In a recent speech, CFPB Director Richard Cordray gave his views that the law specifies that the CFPB generally does not have jurisdiction over auto dealers and their practices, but the CFPB does have jurisdiction over the largest auto lenders and their lending programs. Director Cordray reminded the audience that the CFPB had issued a bulletin to clarify the boundaries of the CFPB’s authority over auto lending and to provide guidance to indirect auto lenders about compliance with the law.
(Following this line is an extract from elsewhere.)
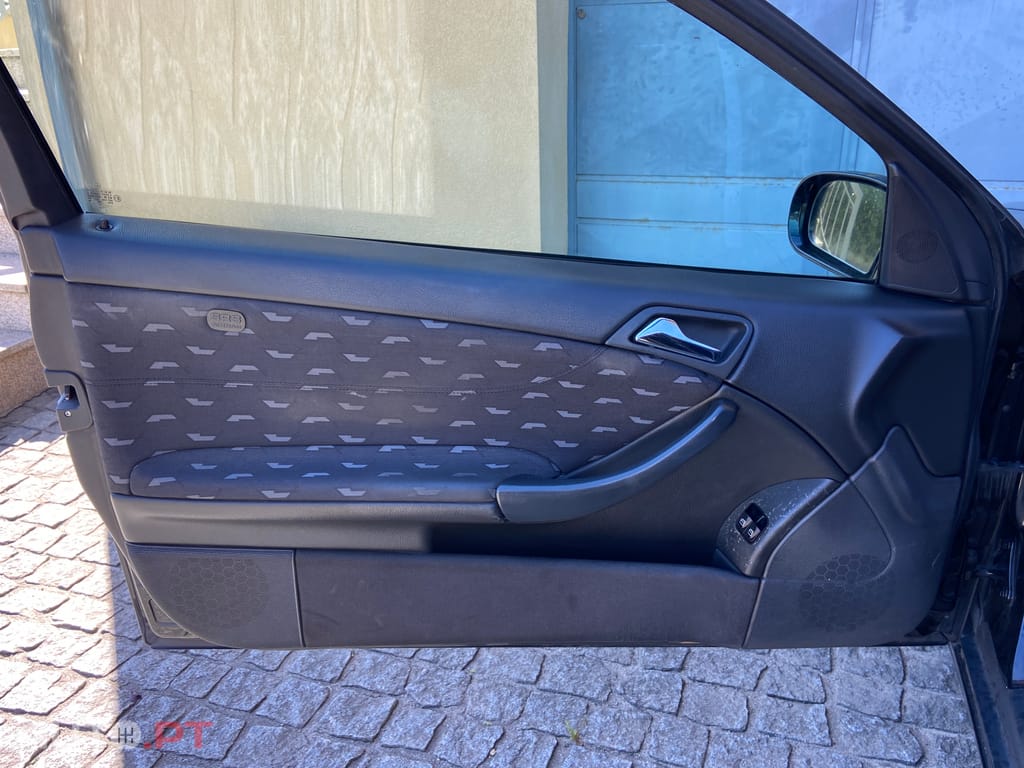 Mercedes-Benz C 220 CDI COUPE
Director Cordray noted that lender mark-up policies, which allow dealers to exercise discretion over the interest rates they charge consumers and provide direct financial incentives for charging higher prices, may lead to fair lending violations. His belief is that when lenders provide this type of discretion and incentives the CFPB believes it creates significant risk of illegal pricing disparities based on factors like race or national origin.
Director Cordray discussed steps auto lenders might consider taking to ensure they are in compliance with the Equal Credit Opportunity Act and Regulation B. One approach is to develop robust fair lending compliance management systems to monitor for disparate impact and promptly remedy consumer harm on an ongoing basis when it is identified. He noted the bulletin also stated that lenders could take steps to comply with the law by adopting some other pricing mechanism that fairly compensates dealers for their work but avoids the fair lending risks that are inherent in pricing by discretionary markup.
According to Director Cordray, there may be several such mechanisms that would work in practice: a flat fee per transaction, or a fixed percentage of the amount financed, or other nondiscretionary approaches that market participants may devise that would work to address these concerns. The precise details of any such approach bear further analysis, but the central points are twofold. First, Director Cordray noted the CFPB recognizes that auto dealers play a valuable role in much auto lending that occurs in this country, and they deserve to be compensated fairly for the work they do. Second, he also offered that the CFPB is aware that the structure of indirect auto lending programs can greatly affect the risks of discrimination that harms consumers and violates the law.